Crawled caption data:

______________________________

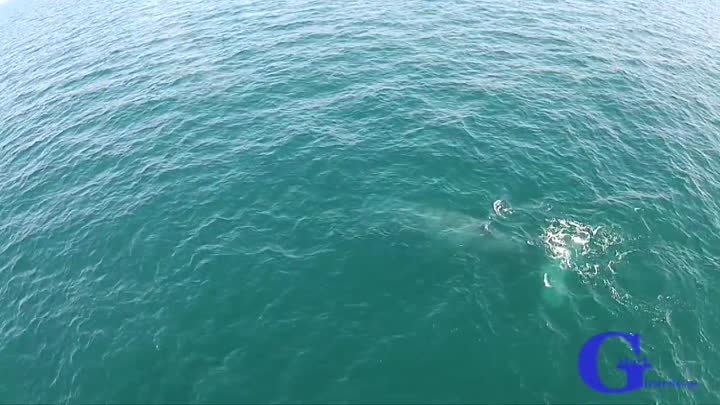 Горбатый кит выдул идеальную радугу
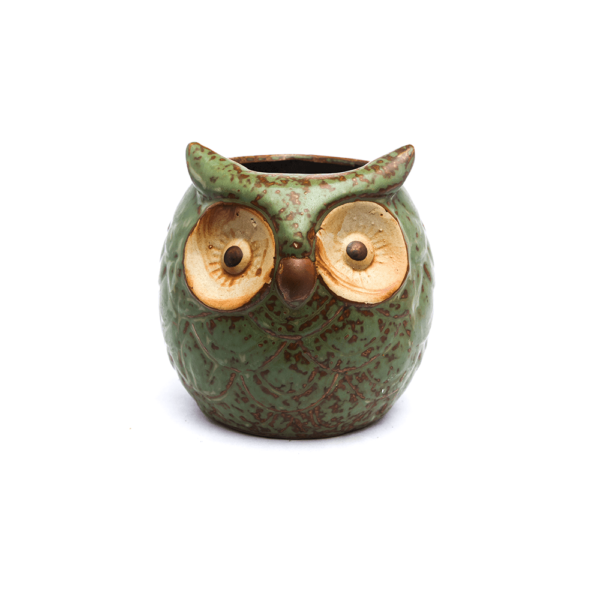 Ceramic Owl Pot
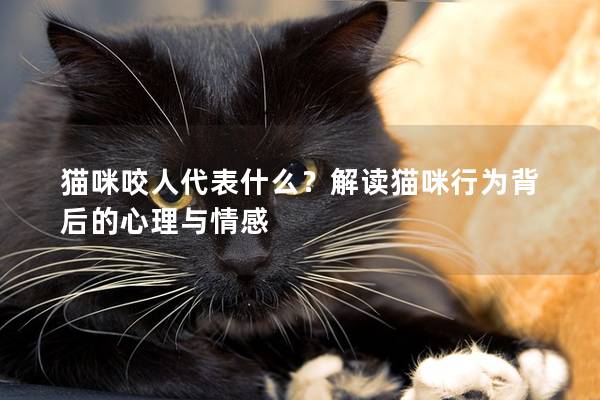 猫咪咬人代表什么？解读猫咪行为背后的心理与情感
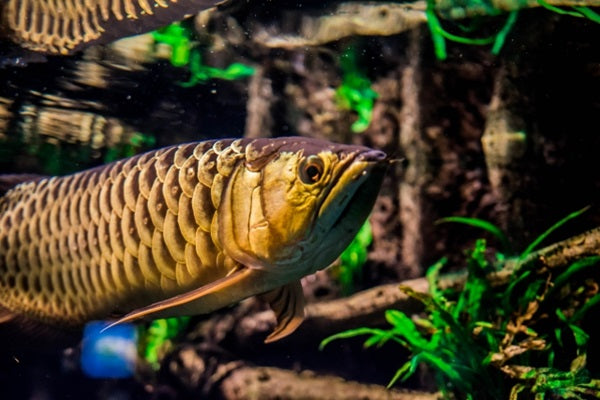 アロワナの飼育法やおすすめの販売店！混泳や気をつける病気は？
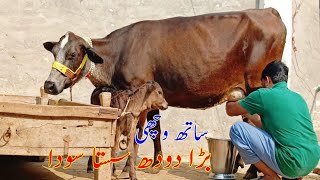 frizen jarsi cross cow milk 18 kg 03014865352 youtube 231024 [upl. by Trace780]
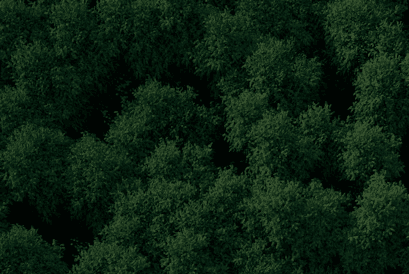 Tend the Grove: Introducing Staking and Governance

______________________________

About this task:
Where the data contains images, drop them and print the rest exactly.

Response:
 Горбатый кит выдул идеальную радугу
 Ceramic Owl Pot
 猫咪咬人代表什么？解读猫咪行为背后的心理与情感
 アロワナの飼育法やおすすめの販売店！混泳や気をつける病気は？
 frizen jarsi cross cow milk 18 kg 03014865352 youtube 231024 [upl. by Trace780]
 Tend the Grove: Introducing Staking and Governance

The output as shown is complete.